Sunday serendipity

His conscience was perfectly neutral. For it was his deliberate opinion that no form of ecclesiastical polity was of divine institution.

Thomas Babington Macaulay.
“The History of England, from the Accession of James II — Volume 3.”

Those sage words reputedly reflected the thinking of the King of England William of Orange. At first blush the observation appears directed solely to the paramountcy of the state (parliament) over inherited dominion of royalty or prelacy (the theory being in some sectors that entitlement derived from apostolic lineage specifically succession from St Peter). It was an equal obstruction to both Catholic and Protestant claimants.

Many Protestants heralded William as a champion of their faith. In 1685, his Catholic uncle and father-in-law, James, became king of England, Scotland, and Ireland. James’s reign was unpopular with the Protestant majority in Britain, who feared a revival of Catholicism. Supported by a group of influential British political and religious leaders, William invaded England in what became known as the Glorious Revolution. In 1688, he landed at the south-western English port of Brixham; James was deposed shortly afterward.

One must however pay close attention to the interpretation of Thomas Babington Macaulay. His use of the words “ecclesiastical polity” was unquestionably deliberate. Its obfuscation is deliberate.

Ecclesiastical Latin, also called Church Latin, Liturgical Latin or Italianate Latin, is a form of Latin initially developed to discuss Christian thought and later used as a lingua franca by the Medieval and Early Modern upper class of Europe. It includes words from Vulgar Latin and Classical Latin (as well as Greek and Hebrew) re-purposed with Christian meaning.

The term lingua franca is taken from the medieval Mediterranean Lingua Franca, an Italian-based pidgin language used especially by traders in the Mediterranean Basin from the 11th to the 19th centuries.

Macaulay published his text in 1876. He was basically a product of his own British interpretation of history; that is, white Anglican with a strong dose of German influence. He looked down his nose at anything beyond the borders of the former British empire. He routinely called native citizens savages, a description not far removed from his inbred opinion of both the Scottish and Irish.

But a deeper examination reveals a hidden truth. At even a hundred years after the French Revolution (1789) and the American Revolution (1775 – 1783), Macaulay was unprepared to confess his disbelief in religion as proposed by such eminent and influential writers as Thomas Paine who advised Benjamin Franklin in 1776. Significantly Paine wrote the Age of Reason which challenged the legitimacy of religion on almost any but the most psychedelic level.

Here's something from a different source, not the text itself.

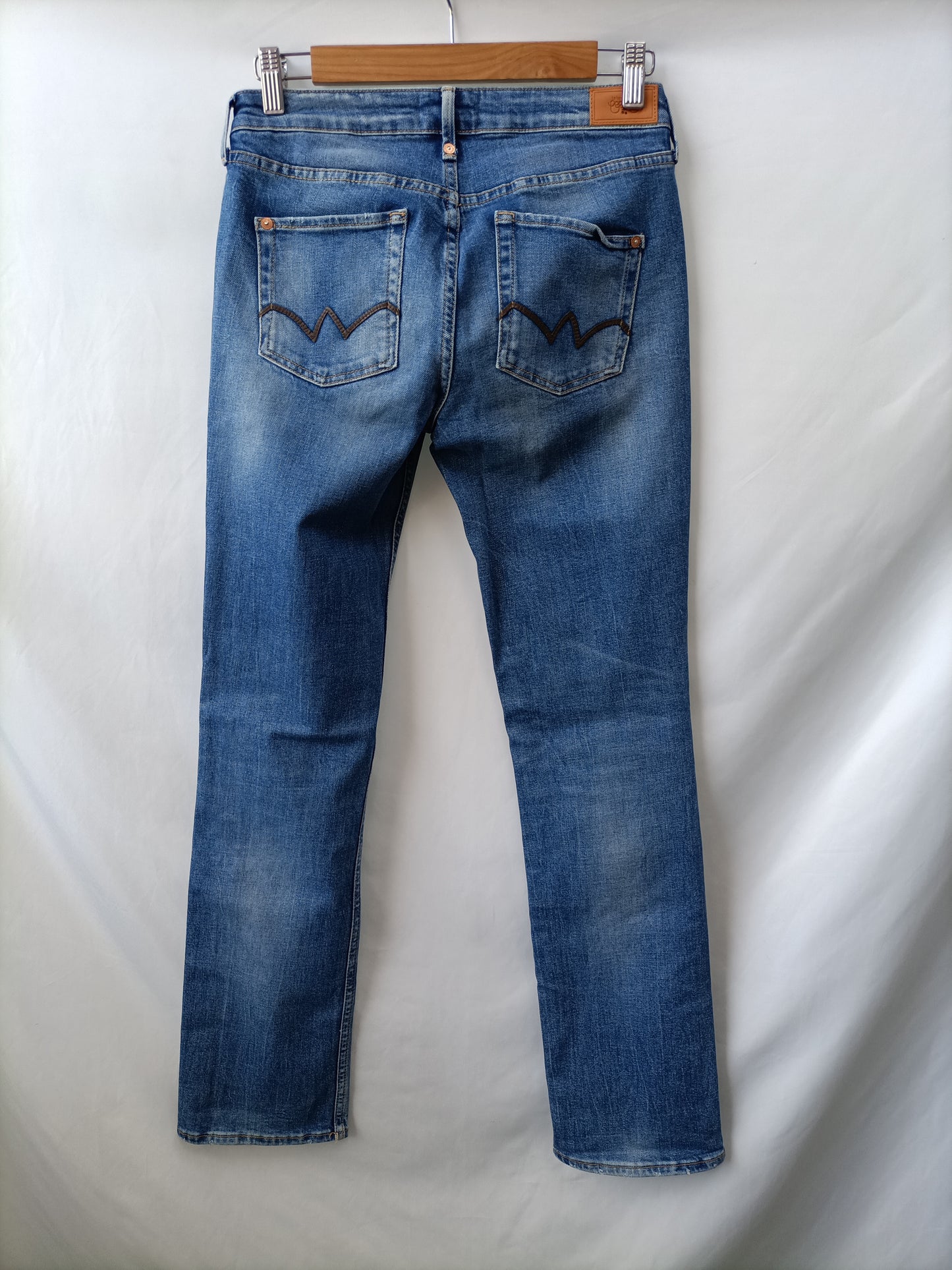 LE TEMPS DES CERISES. Pantalón vaquero recto T.29 (36)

The Age of Reason; Being an Investigation of True and Fabulous Theology is a work by English and American political activist Thomas Paine, arguing for the philosophical position of deism. It follows in the tradition of 18th-century British deism, and challenges institutionalized religion and the legitimacy of the Bible. It was published in three parts in 1794, 1795, and 1807.

Franklin distanced himself from Paine. As have done many Americans since. It is only in the recent past that Paine’s contribution to American independence is acknowledged. Increasingly people in positions of authority have admitted their retail interest only in religion. Which is to say most people continue to shroud their disavowal of the preposterous theories recommended by the ecclesiastical polity.

The political connection with the church is nothing new. But lately its authenticity for doing more than preserving unnecessary differences is under scrutiny and in some instances attack. Yet just as the evidence of most religious mandates have no verifiable proof, it paradoxically affords the religious advocates an entirely hidden and untouchable demon.

Resolving the so-called logical challenge of religion is only part of the problem. Religion left unquestioned remains a source of political advantage though clearly with no verifiable input. And it requires but a moderate subterfuge for mercenary interests to expand their already questionable authenticity to other expropriation. Like ink in a soup the contamination spreads imperceptibly and soon spoils the whole.